$SPLUNK_HOME is where the heart is

Wearables are one of the trendiest types of IoT devices on the market today. They’re lightweight, portable, and they give you insights about your own body. Getting up to the second information about our bodies into an Analytics platform is such a new and exciting concept to me - especially when I encounter and develop a way to capture this data that is brand new to me. For example, using Node.js to repurpose an existing website to create a dashboard about my heart like the one below.

The background here is that recently I’ve been in the process of helping a fellow Splunker with a project that he’s working on where he’ll be running the Marine Corps Marathon with the group Ainsley’s Angels. One of the metrics he wanted to collect during the race was heart rate data.

I offered up the Fitbit Add-on for Splunk to him, but unfortunately this wasn’t quite real-time enough. This is a terrific add-on. It’s used with some really great wearable devices that are extremely robust in the data points they provide. The limitation we encountered was that the Fitbit device itself didn’t seem to synchronize data with a phone as often as we required. It makes sense because that could be a real battery hog on the phone and the Fitbit device itself over a long period of time. Fitbit users don’t typically need up to the second information - as they want these devices to last for days, rather than hours. We required more frequent data over a shorter period of time. That time being some number of hours (I won’t give an exact time here so that Tony doesn’t feel pressured into completing his race in a certain number of hours).

Tony and I went back to the drawing board. We wanted to find a way to get up to the second heart rate data. Oddly enough, we were pointed to a website called Pulsoid. This website aims to deliver up to the second heart rate data for live streams such as Twitch or YouTube Gaming.

One of the first nice features of Pulsoid, is that they have an app that you can download from your phone’s app store. The phone app pairs with a heart rate monitor, such as the Polar H10. That app/wearable combination constantly sends data to Pulsoid.

The end result is a web-based widget that you can overlay onto a livestream. And this data comes in extremely frequently. Opening up the javascript console in Google Chrome shows that the data points show up about every second or even more frequently than that.

Once Tony and I knew that we had a data collection method from our bodies, we still needed to find a way to get the data into Splunk. Here is where node.js and Google Chrome come in.

With Node.js, Google Chrome, the Splunk HTTP Event Collector, and a couple of node packages, we were able to query a Pulsoid widget URL and collect up to the second data points about our heart rates. The real nice part about collecting the data in this way, is that we can render javascript. We wanted to do this in a more simple manner (using either cURL or wget), but unfortunately those tools won’t render javascript. We needed to scrape data off of a page after the javascript was rendered. So even though we were running server versions of operating systems that don’t have a fancy GUI (Amazon Linux 2 and Ubuntu 16.04), we could still get Google Chrome installed, use it in headless mode to render a page, and then scrape the data off of it.

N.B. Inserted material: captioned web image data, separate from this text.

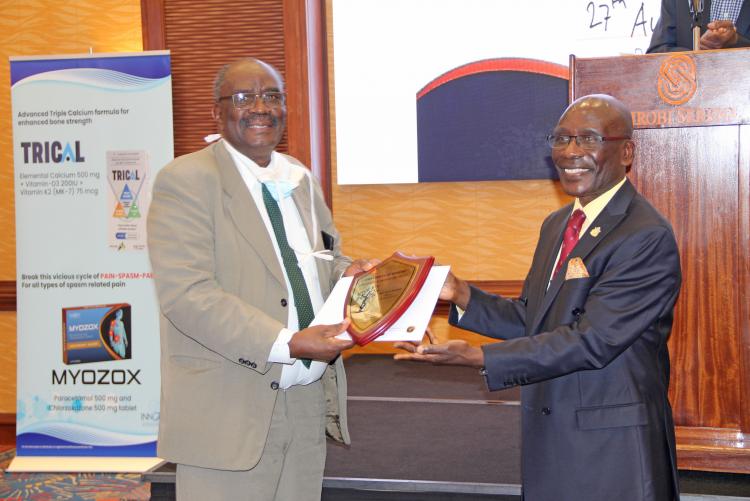 Prof. Josephat Mulimba (L) receives an award from Prof. Julius Ogeng'o during the farewell dinner.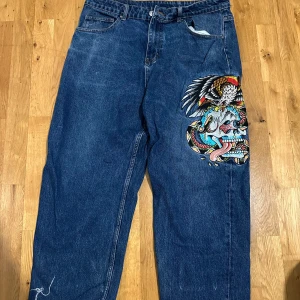 Blå jeans med drakmotiv från Ed Hardy - Unika blå jeans från Ed Hardy med stort färgglatt drakmotiv på ena benet och broderad logga på bakfickan. Modellen är loose fit med råa kanter nertill för en cool streetstil.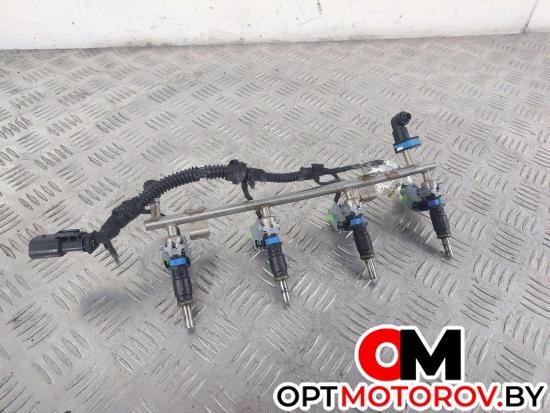 Форсунка топливная  Opel Astra J 2010 55562599 #1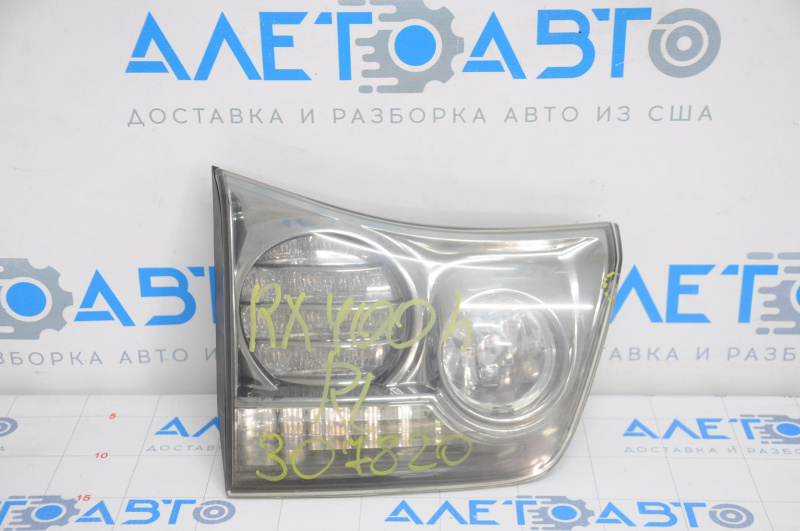 Inner taillight trunk lid left Lexus RX350 RX400h 06-07 rest dark, chip, chrome peeled off, broken guide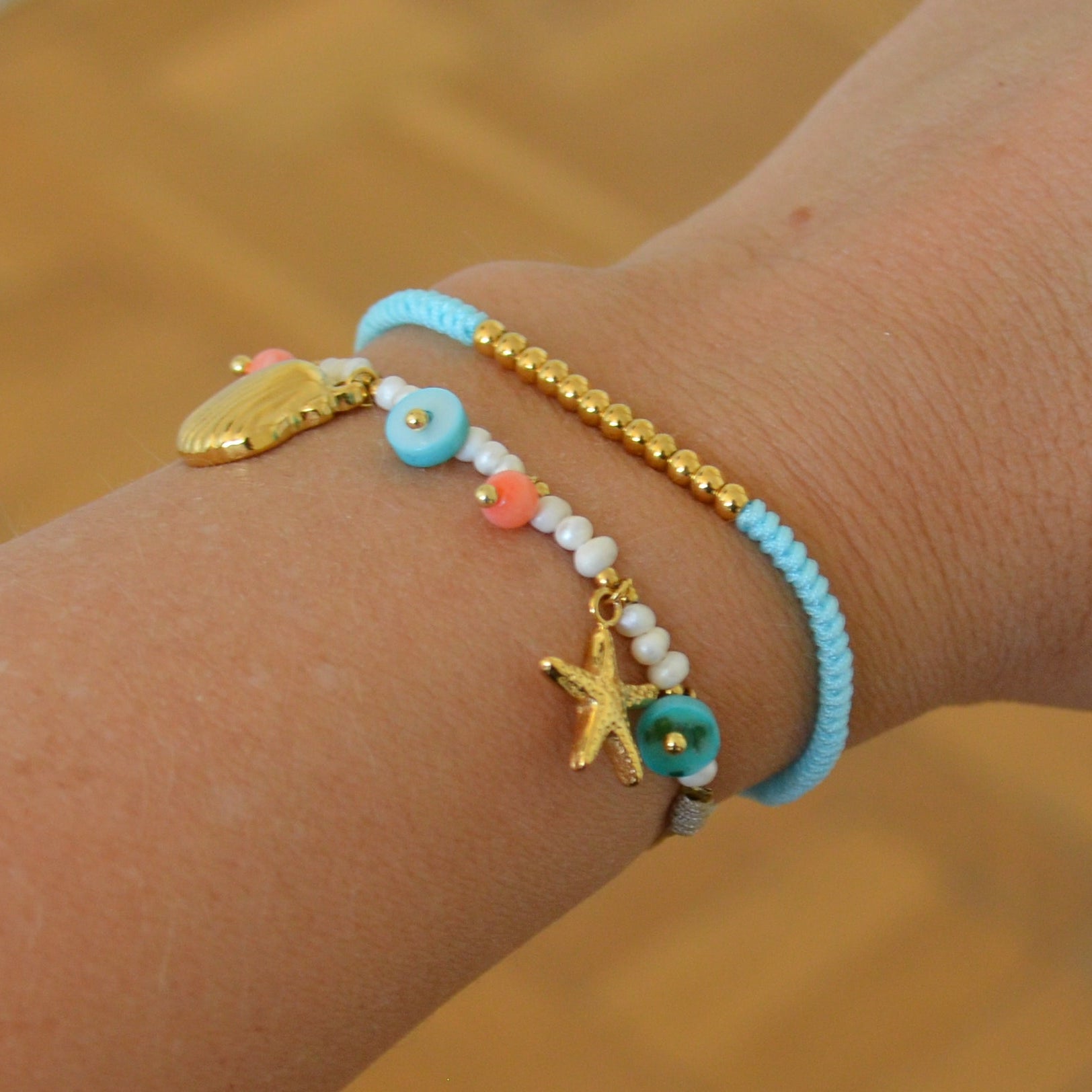 pulsera waterproof o resistente al agua confeccionada con cordón marrón y abalorios de perla, acero con baño de oro 18 kilates.  Cierre ajustable, colgante de concha, caracola, estrella de mar y abalorios de colores (CORAL, azul TURQUESA, naranja)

I even went as far as to turn this into a Github repository complete with instructions on setting the entire thing up on either tested operating system. I’d rather not completely re-type all the instructions here in this blog, in fear that they will go stale as I make updates and improvements. Suffice it to say that at the time of writing this, you need only a few things to get this data flowing into your Splunk instance.

  1. A working installation of Splunk on a Supported OS with the HTTP Event Collector Turned on and Listening

  2. Node.js installed

  3. This Github Repository

  4. Google Chrome

  5. A Pulsoid Account

  6. Heart rate monitor and phone with the Pulsoid App installed

So what does this end up looking like? When all is said and done, we can run the command

node scrape.js

This will result in our heart rate data being sent to Splunk via the HTTP Event Collector at any interval we choose. As a result, our Splunk installations are the location for all of our heart rate data and $SPLUNK_HOME is where the heart is.

As an added bonus, by pairing a Splunk instance with the all new Splunk Mobile App that was announced recently at .conf 2018, I even have a portable heart rate monitor that I can use to watch my workouts in action.